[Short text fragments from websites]
++++++++++

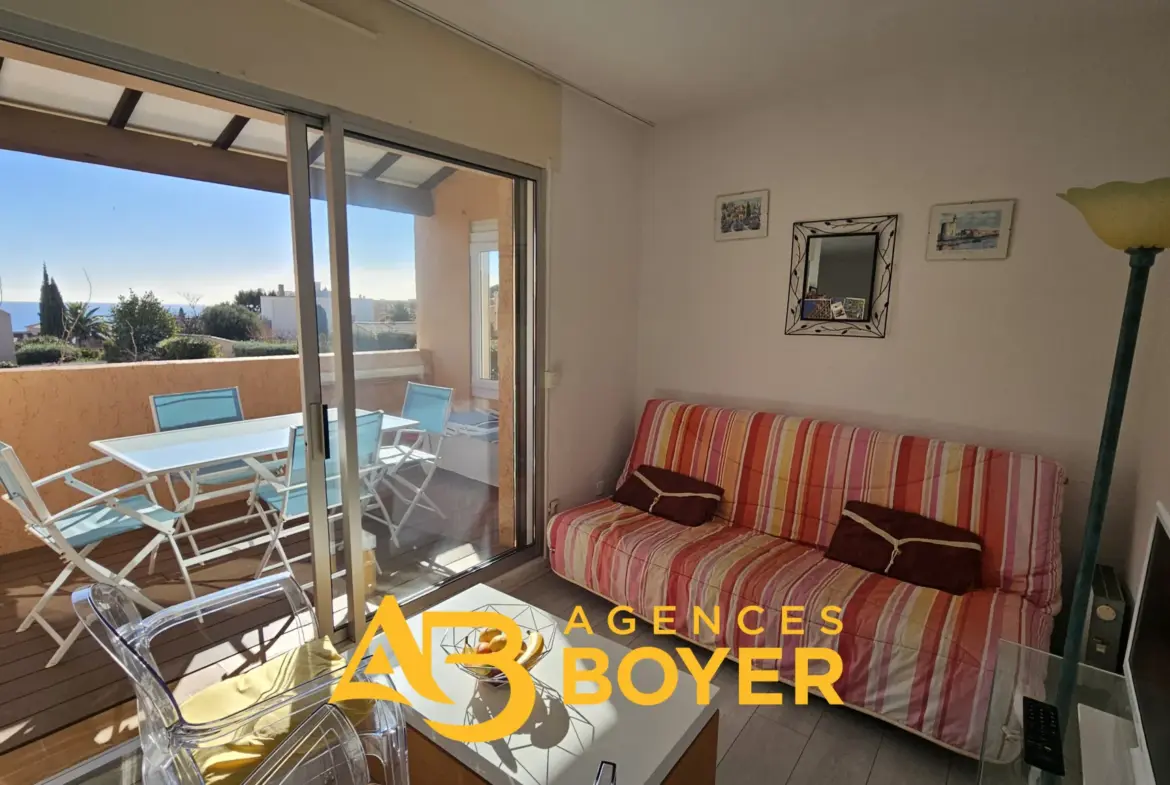 T3 à Bandol avec vue mer et piscine - 298 500 € 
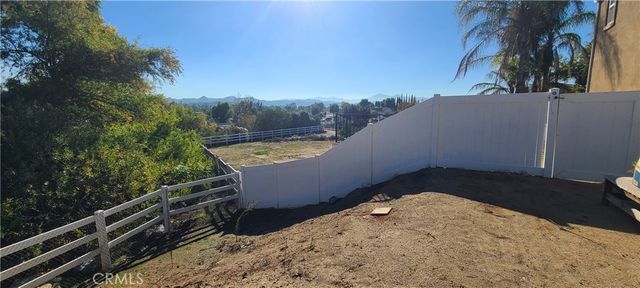 17319 Timberview Drive, Riverside, CA 92504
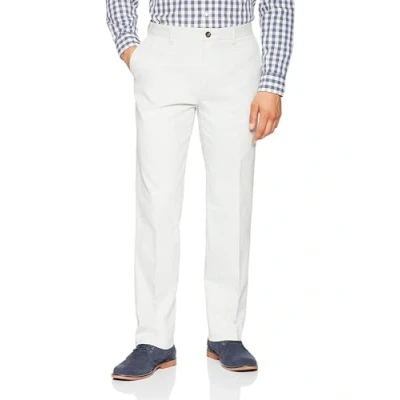 Afbeelding van Amazon Essentials Klassieke pasvorm kreukvrije chino broek met platte voorkant voor heren (verkrijgbaar in groot en lang), zilver, 33W/28L
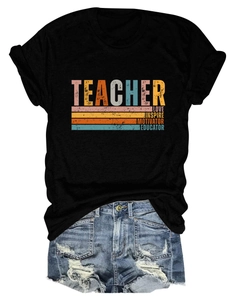 Détail à plat du t-shirt coton noir Teacher Love Inspire et du short en jean usé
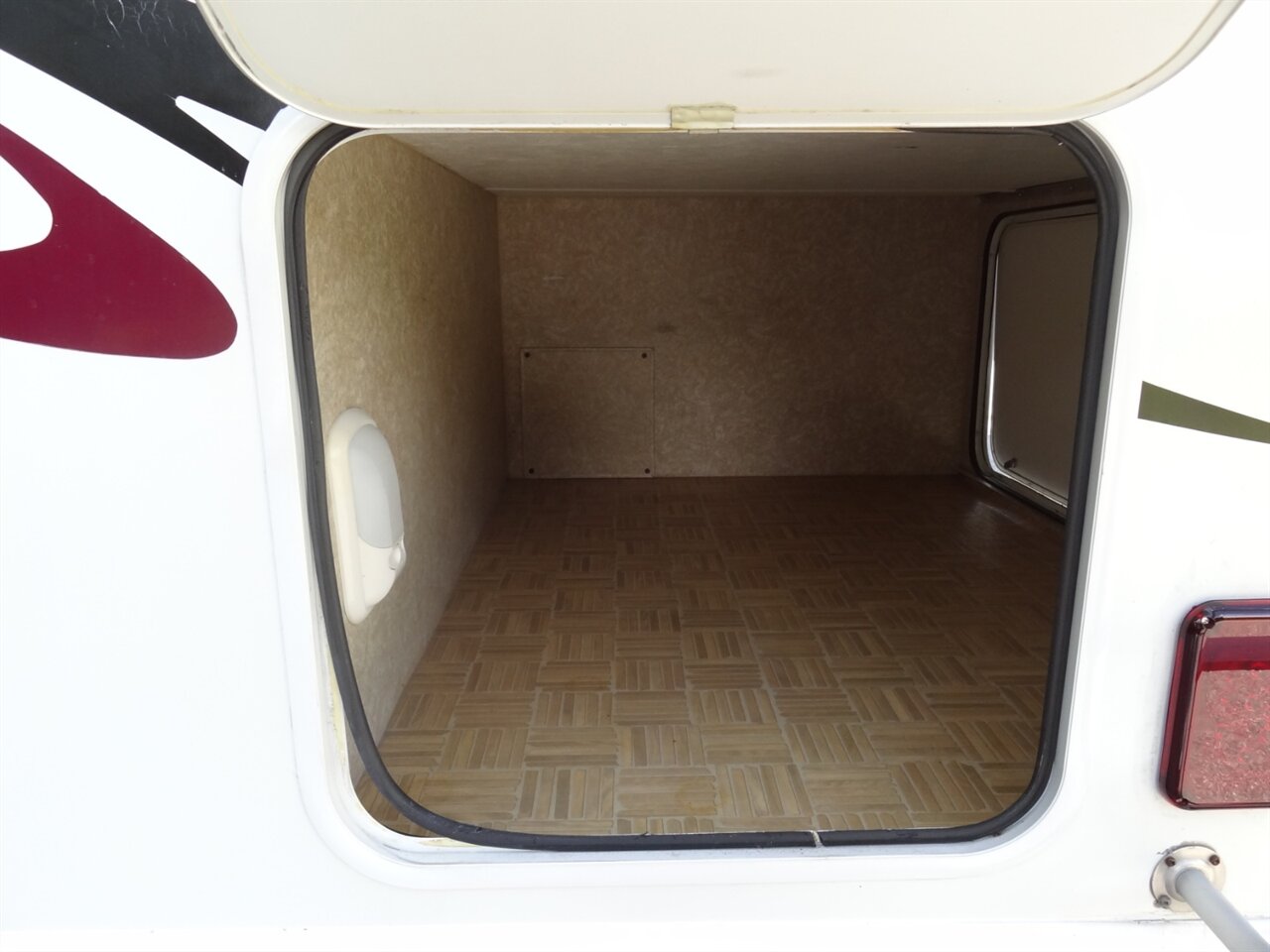 2008 Coachmen Freedom Elite M23 Premium B+/C - Photo 20 - Deland, FL 32720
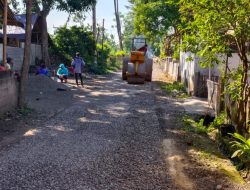 Realisasikan DD 2025, Pemdes Ramban Kulon Perbaiki Jalan Desa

++++++++++

_REQUIREMENT_
Repeat the records above verbatim, dropping the pictures.

_YOUR RESPONSE_
 T3 à Bandol avec vue mer et piscine - 298 500 € 
 17319 Timberview Drive, Riverside, CA 92504
 Afbeelding van Amazon Essentials Klassieke pasvorm kreukvrije chino broek met platte voorkant voor heren (verkrijgbaar in groot en lang), zilver, 33W/28L
 Détail à plat du t-shirt coton noir Teacher Love Inspire et du short en jean usé
 2008 Coachmen Freedom Elite M23 Premium B+/C - Photo 20 - Deland, FL 32720
 Realisasikan DD 2025, Pemdes Ramban Kulon Perbaiki Jalan Desa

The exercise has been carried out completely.